•Press Release
January 23, 2008 (Housing Market Monitor)
Housing Market Monitor by Dean Baker
For Immediate Release: January 23, 2008
Contact: Alan Barber, (202) 293-5380 x115
Foreclosure rates in California are up 421.2 percent from last year.
The annual rate of housing starts in December fell to 1,006,000, less than half the 2,068,000 rate for 2005. There were 1,354,000 starts for 2007 as a whole, a figure that was lower than even the most pessimistic forecasts.
While the sharp decline in starts has decimated the residential construction industry, it may actually be good news in the long-run. There remains an enormous over-supply of housing by every measure. The only way that this can be corrected is with a sharp cutback in construction. The annual rate of housing starts for December was lower than the rate for any year since 1959, including the recession years of 1982 and 1991. At this rate, inventories should start to be whittled down to more normal levels.
This process will take time, especially with the mortgage market in turmoil. The Homebuilders Association’s Housing Market Index remains near its record low with a reading of 19 in January, up slightly from a downwardly revised figure of 18 for December.

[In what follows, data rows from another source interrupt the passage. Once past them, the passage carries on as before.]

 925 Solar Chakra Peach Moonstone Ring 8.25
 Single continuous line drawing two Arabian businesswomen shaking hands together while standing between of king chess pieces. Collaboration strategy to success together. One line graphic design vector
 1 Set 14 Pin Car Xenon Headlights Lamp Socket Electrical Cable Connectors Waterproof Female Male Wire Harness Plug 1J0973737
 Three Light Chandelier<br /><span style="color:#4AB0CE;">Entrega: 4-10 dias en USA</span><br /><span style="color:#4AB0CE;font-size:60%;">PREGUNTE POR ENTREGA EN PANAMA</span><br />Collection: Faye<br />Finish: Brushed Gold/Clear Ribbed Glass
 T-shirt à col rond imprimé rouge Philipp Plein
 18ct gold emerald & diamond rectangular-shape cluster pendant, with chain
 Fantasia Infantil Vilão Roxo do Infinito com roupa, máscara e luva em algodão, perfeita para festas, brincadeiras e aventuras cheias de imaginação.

While the index showed modest improvements for the South and Midwest, the index for the west sunk by another 5 points to 13. Starts in the west for December were running at just a 229,000 annual rate, down almost 60 percent from the 525,000 rate for 2005. For 2007 as a whole, there were 336,000 starts in the west. With the collapse of bubble markets in San Diego, Phoenix and Las Vegas, the west has been hit especially hard.